In total, Verizon lost a net 289,000 postpaid phone subscribers during the quarter. This figure was worse than the 218,000 losses anticipated by analysts surveyed by S&P Global Visible Alpha. The decline was driven primarily by losses in Verizon’s consumer segment, though the business unit saw comparatively stronger results.
Verizon had already flagged this softness back in March. At an investor conference, company leadership warned about an increasingly competitive landscape impacting postpaid subscriber trends. Postpaid customers—those who are billed monthly after using the service—typically represent a more stable and lucrative segment for wireless carriers compared to prepaid users, who pay in advance.
Despite the shortfall in subscriber additions, Verizon’s leadership struck an optimistic tone. CEO Hans Vestberg, in prepared comments tied to the earnings report, said the company concluded the quarter with positive sales momentum that extended into April. Chief Financial Officer Tony Skiadas added that gross additions in consumer postpaid phones rose by a mid-single-digit percentage in March compared to the prior year, and April’s performance had continued to be strong.
Nevertheless, investors were unimpressed. Verizon’s shares fell 4% in premarket trading Tuesday as the market reacted to the results.
In a press release, Vestberg highlighted some of the initiatives Verizon has implemented to attract and retain customers, such as a three-year price lock and a free phone offer for those trading in existing devices.
He emphasized that these efforts, combined with Verizon’s network quality, financial strength, and loyal customer base, put the company in a solid position to keep innovating and investing in long-term growth.
There was some good news in Verizon’s prepaid business, which saw its best core retail net additions—137,000—since the company acquired TracFone in 2021. The company also added 339,000 net broadband subscribers in the quarter.
Wireless service revenue came in at $20.8 billion, which was a 2.7% year-over-year increase and slightly above analysts’ consensus estimate of $20.4 billion. Overall operating revenue totaled $33.5 billion, up 1.5% from the year-ago period and narrowly beating the $33.3 billion forecasted by analysts.
Verizon reported adjusted earnings of $1.19 per share, an increase from $1.15 in the same quarter last year and ahead of the consensus estimate, which was also $1.15.
Looking ahead, the company maintained its full-year guidance, which includes expectations for wireless service revenue to grow between 2% and 2.8%, and free cash flow to range from $17.5 billion to $18.5 billion.
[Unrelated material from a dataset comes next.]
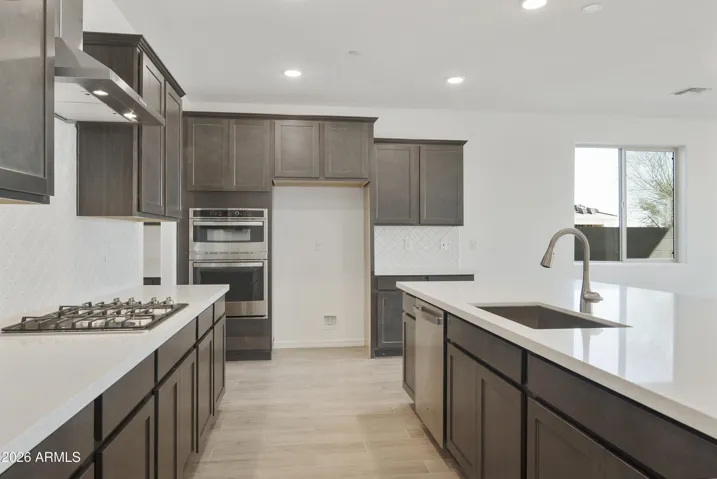 GOURMET KITCHEN WITH BUILT IN APPLINACES. DESIGNER BACKSPLASH, DESIGNER HOOD, GAS COOKTOP AND QUARTZ COUNTERS.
However, the company acknowledged that this outlook does not account for potential impacts from new or evolving tariffs.
Telecom companies like Verizon are often seen as relatively shielded from economic downturns, as wireless services are viewed by many consumers as essential. Although some customers may delay upgrading their phones in uncertain economic times, analysts have pointed out that selling new equipment isn’t a major profit driver for companies like Verizon.
Vestberg emphasized this point in his prepared remarks, stating that Verizon has repeatedly proven its resilience during challenging periods. He noted that during uncertain times, the company’s key differentiators and structural strengths become even more apparent, helping to protect its business and support consistent financial performance.
In summary, Verizon’s first-quarter results were a mixed bag. While the company fell short on postpaid subscriber additions, it delivered better-than-expected revenue and earnings and maintained a steady outlook for the year. Executives expressed confidence in Verizon’s ability to navigate a challenging environment and remain competitive, thanks to strong fundamentals, customer incentives, and ongoing investments in growth areas.